Spirit World

sr379

Lost Shadows: In Defence Of The Soul (SUB ROSA SR379) is two CDs of Shaman songs recorded in 1978 by David Toop. The Yanomami, whose music this is, live in a few hundred villages scattered around the border of Brazil and Venezuela, between the Mavaca and Orinoco rivers, in the Amazon rainforest. The Yanomami believe in spirits – everything has a spirit, good or bad – and they celebrate all the important things in life and death through their rituals. A Shaman is specifically called in to cure the sick; hallucinogenic drugs are sometimes involved, I believe, to assist the Shaman, and through his efforts he will drive away the evil spirits of disease. The rituals involve singing and dancing, and the sound of all this is what ended up on Toop’s Sony stereo cassette recorder. He did it with the help of Brazilian singer Nestor Figueras; you may recall Toop and Figueras, and the drummer Paul Burwell, made the unusual album Cholagogues for Bead Records in 1977, reissued on CD in 2009 and noted here.

Toop’s interest in ethnic music at this time is reflected in the original LPs he published for his own !Quartz label in the late 1970s; they include Sacred Flute Music From New Guinea: Madang and Windim Mambu and Sacred Flute Music From New Guinea: Madang Vol. 2, both recorded by Jessica Mayer and Ragnar Johnson. His own Hekura – Yanomamo Shamanism From Southern Venezuela was issued as !Quartz 004 in 1980 and presumably contains some of the same recordings; this 2 CD set may be more like a very expanded reissue. Included in this release there is a dense booklet of photographs and notes written by Toop, which would probably shed a lot of light on what the recordings mean and why he made them; but I haven’t read these notes, and will leave these added dimensions for others to discover. It might make sense to view this release in the context of the !Quartz label, which was intended as a label for representing both ethnic music and improvisation, and perhaps for some undefined space that hovers in between these two worlds. The 1979 album he made with Paul Burwell, Wounds, seems to want to get closer to that space; the cover art, notes, and choice of instruments on Wounds suggests that much to me, as does the fact that album makes use of the same cassette tape from Continamo Falls that he made on his Brazil trip with Figueras.
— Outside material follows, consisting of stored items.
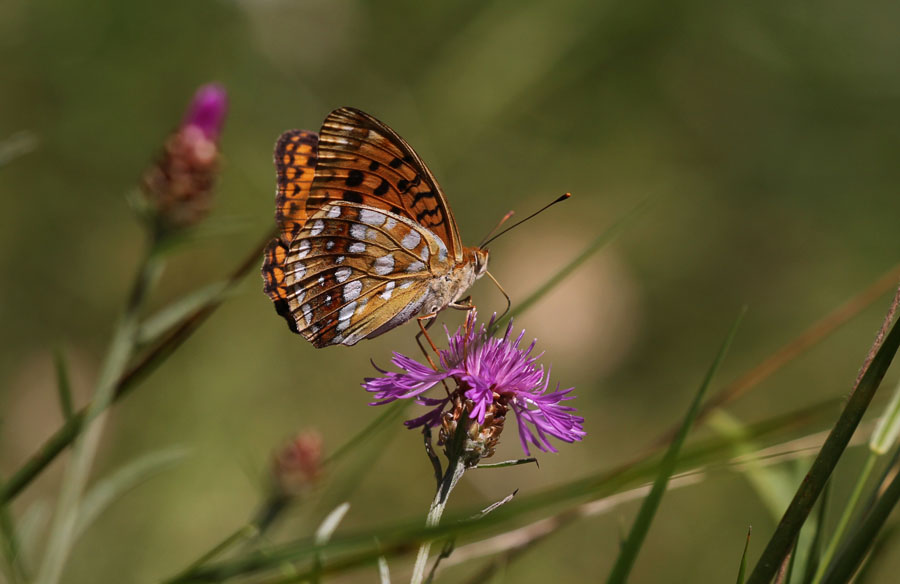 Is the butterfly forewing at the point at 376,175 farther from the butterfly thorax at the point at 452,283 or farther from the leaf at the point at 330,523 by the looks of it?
the leaf at the point at 330,523

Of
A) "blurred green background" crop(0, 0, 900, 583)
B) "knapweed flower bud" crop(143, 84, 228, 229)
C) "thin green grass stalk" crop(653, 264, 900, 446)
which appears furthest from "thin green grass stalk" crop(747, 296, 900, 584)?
"blurred green background" crop(0, 0, 900, 583)

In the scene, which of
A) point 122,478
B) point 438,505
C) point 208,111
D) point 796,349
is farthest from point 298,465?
point 796,349

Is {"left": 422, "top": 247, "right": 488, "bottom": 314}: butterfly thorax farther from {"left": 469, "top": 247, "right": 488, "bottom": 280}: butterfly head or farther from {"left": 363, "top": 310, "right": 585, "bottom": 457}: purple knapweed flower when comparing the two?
{"left": 363, "top": 310, "right": 585, "bottom": 457}: purple knapweed flower

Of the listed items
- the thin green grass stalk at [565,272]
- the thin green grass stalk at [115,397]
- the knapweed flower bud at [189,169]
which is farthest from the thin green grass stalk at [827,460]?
the knapweed flower bud at [189,169]

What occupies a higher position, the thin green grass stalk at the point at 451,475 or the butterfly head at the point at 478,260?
the butterfly head at the point at 478,260

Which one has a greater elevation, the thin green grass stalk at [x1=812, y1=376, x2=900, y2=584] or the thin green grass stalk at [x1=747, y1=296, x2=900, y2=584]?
the thin green grass stalk at [x1=747, y1=296, x2=900, y2=584]

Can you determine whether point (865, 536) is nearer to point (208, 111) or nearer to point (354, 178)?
point (354, 178) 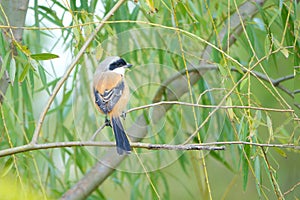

The sounds on this record are quite astonishing. At first one is put off by the strangeness of the grunts, sneezes, guttural coughs and such, and then alienated by the unfamiliarity of rituals which are pretty much unknowable to us. But then as you listen more, you get the sense we might have more in common with the Yanomami than we think. When the rituals really do lift off – which isn’t very often, to be honest – you hear a dramatic moment taking place on the tape which any musician would be proud of, except it’s probably not even meant to heard in that way (or heard at all). At such moments, there’s no doubting the truth of the spirits these Yanomami believe in. My other observation is more banal, and that’s to note something about the ordinariness of the situation. I am sure trance states are ecstatic and amazing things, but on these recordings, Shaman rituals sound like bloody tough work; those involved are really exerting themselves, not simply waiting for the trance state to bless them like a visitant from the Heavens. If I am right, the other priests are assisting in this strenuous effort, to make sure of a good ritual and a good healing outcome. Entire families are present; young children are not kept quiet, as they might be in a Western church, and there’s almost a family atmosphere in evidence during these ceremonies. This, for me, interestingly blurs the edges between the sacred and the quotidian, in ways that perhaps we could learn from. Any time and any place is good for a prayer; let’s just get stuck in and get the work done. If that’s the Yanomami motto, I’m all for it. From May 2015.